ArtFest: Vendor Night and Show & Tell

this post is kind of photo-heavy, but I wanted to show you some of the wonderful pieces of artwork made during ArtFest 2011. Along with a bit of craziness: this pic is the line of people waiting to get into Vendor Night... the instructors set up tables and sell pieces of their artwork, supplies, etc. And it was CRAZY!! (see for yourself, below)
For quite a while, it was practically impossible to even get close to a table, let alone see anything on that table. I didn't buy much; I got a necklace made from WA-state-beach pebbles, to remember my trip by, and some unmounted rubber stamps. And then I got the heck out of there, to catch my breath! The rest of the pics in this post are examples from Show & Tell; everyone could bring pieces made during the classes, to show off. This gives everyone a chance to see what was made in the other classes, and to see what the artists were teaching (to get ideas for picking future classes!)
a beautiful encaustic wax collage. (not sure who taught this class, unfortunately)
I think these pieces were from the class "OverSaturated Polaroid look by Lisa Bebi"... making photocopies look like color-saturated photographs.
a sewn "prayer flag" I think, one of Karen Michel's classes.
a fun journal. Jill Berry class.
this is a blury photo, but I love this piece-- a collage made on a vintage book cover. (I believe this class was taught by Tracie Lyn and Marilyn Huskamp)
this wonderful Santos is entirely handmade (and about 18 inches tall). (not sure who taught this one)
This fantastical creature really intrigued me: this class was all about making a 3-D sculpture on a wire armature, using sausage casing to make the "skin." The sausage casing was wrapped around the armature when it was wet, then would shrink onto the frame as it dried. (not sure who the instructor was for this one, either.)
wonderfully collaged mail-art postcards. (class by Orli Avineri, I believe)
polymer clay quilt, class by Laura Mika. and this is my Show & Tell scrapbook page: I printed small photos of some of the artwork, arranged them on the page, then collaged other bits and pieces around them till the page was filled in (except for one small space I now see, that I still need to fill in- lol!) This page actually took 2-3 hours to complete, but it was a lot of fun in a meditative sort of way.

October 11, 2011

ArtFest- The Art of Silliness

My third class at ArtFest was another one that had me kind of wary: The Art of Silliness, taught by Carla Sonheim.

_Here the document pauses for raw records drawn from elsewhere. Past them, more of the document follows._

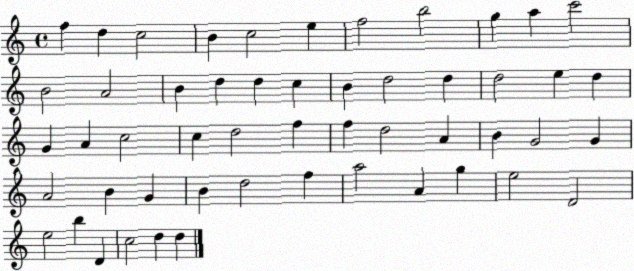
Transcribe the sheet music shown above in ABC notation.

X:1
T:Untitled
M:4/4
L:1/4
K:C
f d c2 B c2 e f2 b2 g a c'2 B2 A2 B d d c B d2 d d2 e d G A c2 c d2 f f d2 A B G2 G A2 B G B d2 f a2 A g e2 D2 e2 b D c2 d d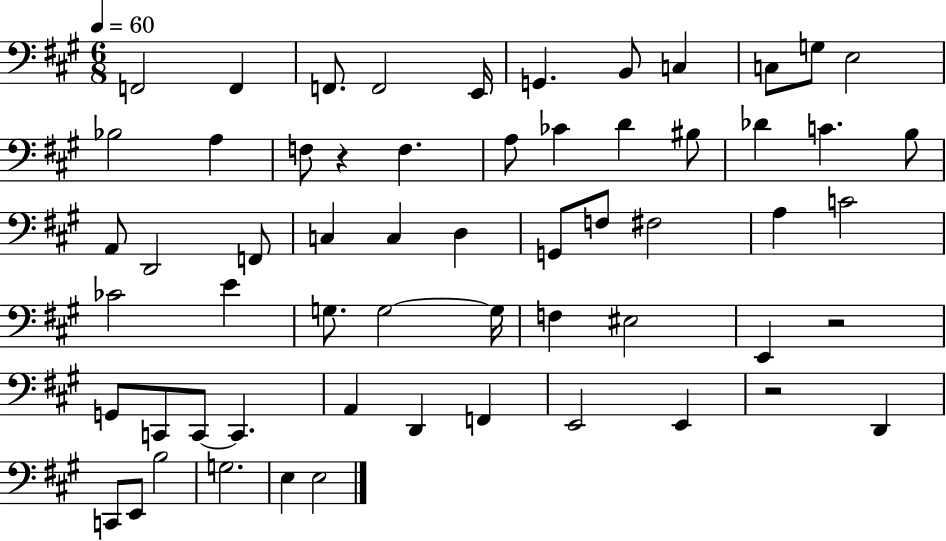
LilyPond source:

{
  \clef bass
  \numericTimeSignature
  \time 6/8
  \key a \major
  \tempo 4 = 60
  f,2 f,4 | f,8. f,2 e,16 | g,4. b,8 c4 | c8 g8 e2 | \break bes2 a4 | f8 r4 f4. | a8 ces'4 d'4 bis8 | des'4 c'4. b8 | \break a,8 d,2 f,8 | c4 c4 d4 | g,8 f8 fis2 | a4 c'2 | \break ces'2 e'4 | g8. g2~~ g16 | f4 eis2 | e,4 r2 | \break g,8 c,8 c,8~~ c,4. | a,4 d,4 f,4 | e,2 e,4 | r2 d,4 | \break c,8 e,8 b2 | g2. | e4 e2 | \bar "|."
}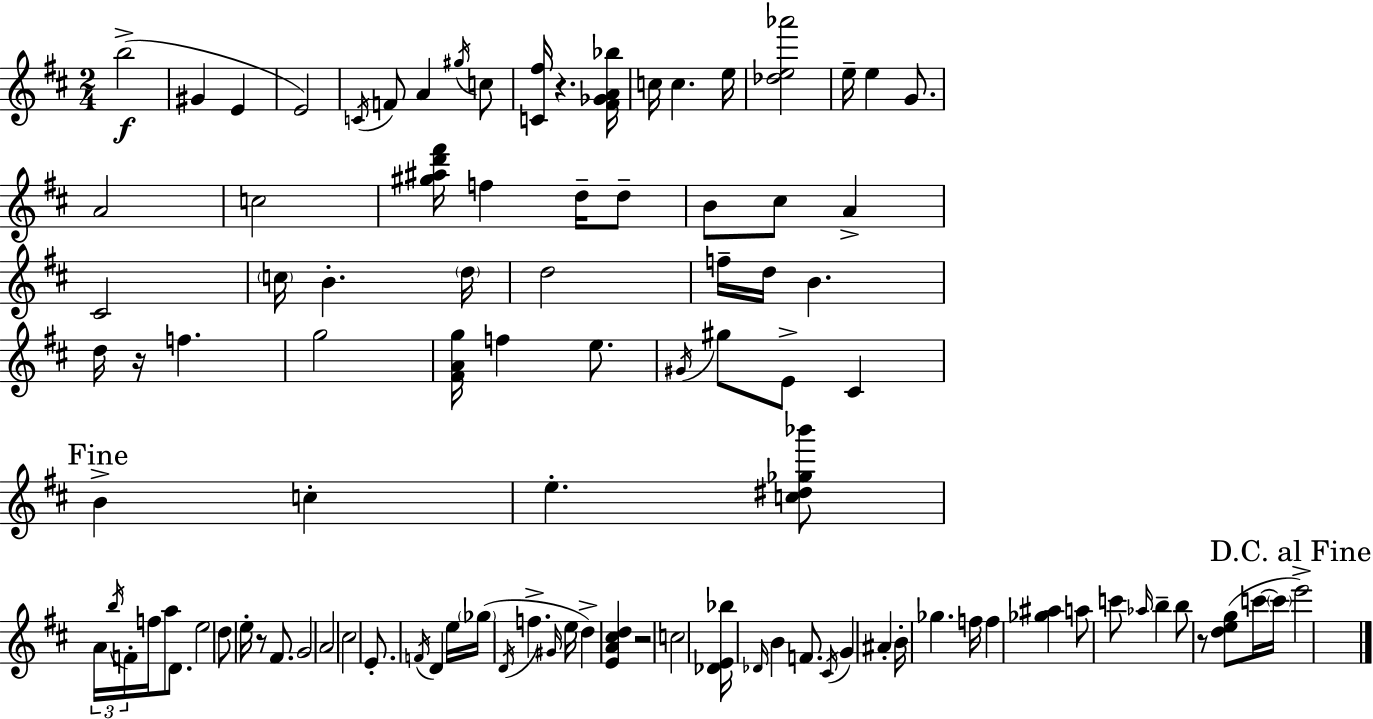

From the class description:
Here are the Top Five Reasons to take a Silly workshop: 5. You get to complete activity worksheets, third-grade style. 4. The drawings you create are meant to be silly, i.e. not perfect, i.e. not stressful, i.e. FUN! 3. You can mix metaphors all you want and pretend you did it on purpose. 2. You want to lighten up, in your artwork and your life. 1. The supply list is not a list. (fyi, the supply list was only one item: a black marker or pen) And also, there was this: "As a workshop teacher, I try to help adult students recover a more child-like approach to drawing and art-making. To loosen up… shed those fears, and just let the joy of creating be the primary focus: That’s what this workshop will be about."
I was wary because-- well, frankly, because I find it difficult to do that-- the whole "shed those fears, and loosen up" thing. It was a rewarding class, and it did made me think, about a lot of things-- but did it help me to loosen up in my artwork and in my life? To be perfectly honest, probably not much. (But that's not Carla's fault; that's all me-- it was still fun, though!)
Anyway, we did lots of fun (but kind of scary-to-me) things in that class, like drawing with our non-dominant hand, drawing without looking at the paper, drawing without lifting the pen / pencil from the paper, things like that. Below are some of the results:
On the left is a drawing I copied from a book for one of the drawing exercises. The point of the exercise (if I remember right) was to draw the "shapes" and "bulk" of the object without drawing the "outline" of the object. On the right is one of my "one-liner" (draw very quickly, without lifting your pen off the paper) drawings. I actually quite like how that cat turned out... I think he gives off the "essence" of cat, and he makes me laugh when I look at him! (I think what makes me laugh is that he's sort of cross-eyed, and that his whiskers look more like a droopy mustache than whiskers).
We also got to fill out elementary-school-style handouts throughout the day... filling out a worksheet takes the pressure off, somehow-- it really does take you back to that elementary school feeling. (FYI, Carla also offers this periodically as an online class; she sends fun worksheets like this to your e-mail inbox, along with othr fun stuff like photos of sidewalk cracks, ideas for doodling, etc. For more information about her classes, you can check out her blog by clicking here. ) The ship on the left was an exercise in randomness and using your imagination-- we ripped sticky-back foam into random shapes, then arranged them into an "object" and used the resulting image as a printing block. (a bit messy, but fun!)
This is the afternoon's exercises: we also got to make a sculpture!! (To be perfectly honest, I was not enthusiastic about this at the start-- my brain works much better in 2D than 3D). We made the wire armatures, then "filled" them in by wrapping yarn and fabric scraps around them. My bird didn't want to stand up, unfortunately-- he's tired, I guess! Then, we sketched our sculptures, and used Pan pastels to shade them... I actually like how these drawings turned out-- much looser than I would normally do, but again, I think they give the "essence" of the bird (as odd as he is!).
These are sort of amusing-- I don't remember the exact exercise- it was either "draw with your non-dominant hand," "or draw with your non-dominant hand without looking at the paper," I don't remember which. Whichever it was, the results are pretty funny; I was really worried about not going off the edge of the paper on that scrunched-up one, I guess!!
This little guy was one of the objects we drew for the "draw without looking" exercises...
I quite like how my drawing of him turned out! (see scrapbook page below)
And finally, here is the scrapbook page I made to document this class-- I included a couple of the actual class exercises on this page including my sad little dog scribble, and I used a pretty "loud" patterned paper for the background, because, well, it's all about being silly, after all!